§ Recorded data
Segment Open
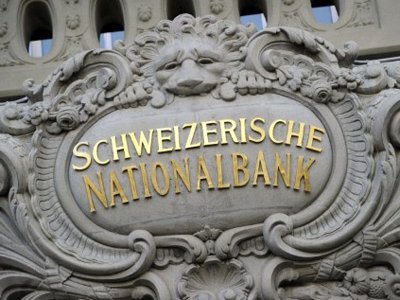 swiss national bank photo afp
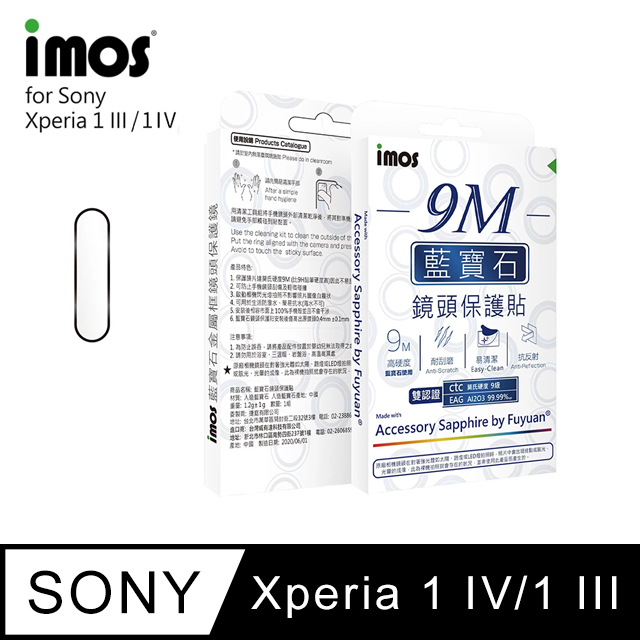 iMOS Sony Xperia 1 III (無金屬框) 鏡頭保護鏡 (藍寶石玻璃材質)
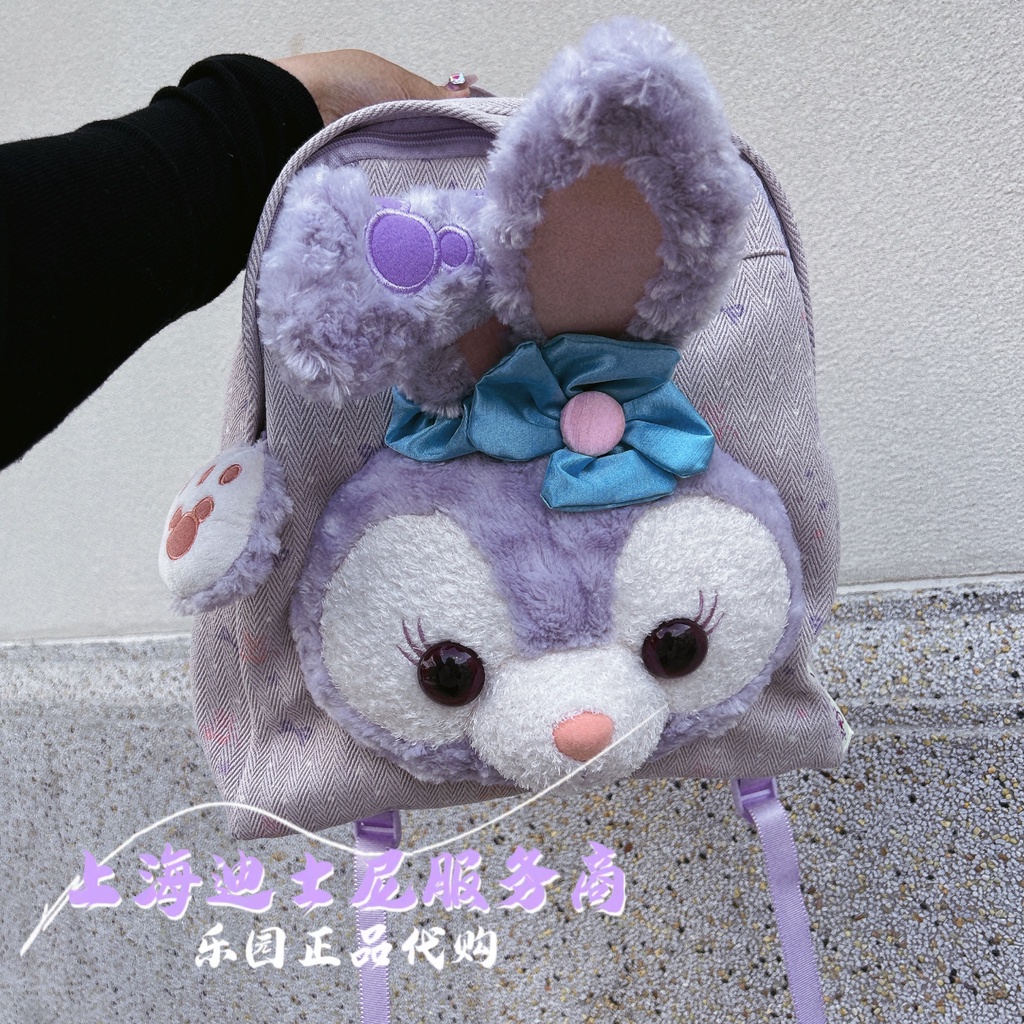 Shanghai Disneyland Generation Star Dailu Backpack Lulu School Bag Big ...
Segment Closed
§ Exercise description
Exactly as given, set down each line of the material, but include no pictures.

§ Written response
 swiss national bank photo afp
 iMOS Sony Xperia 1 III (無金屬框) 鏡頭保護鏡 (藍寶石玻璃材質)
 Shanghai Disneyland Generation Star Dailu Backpack Lulu School Bag Big ...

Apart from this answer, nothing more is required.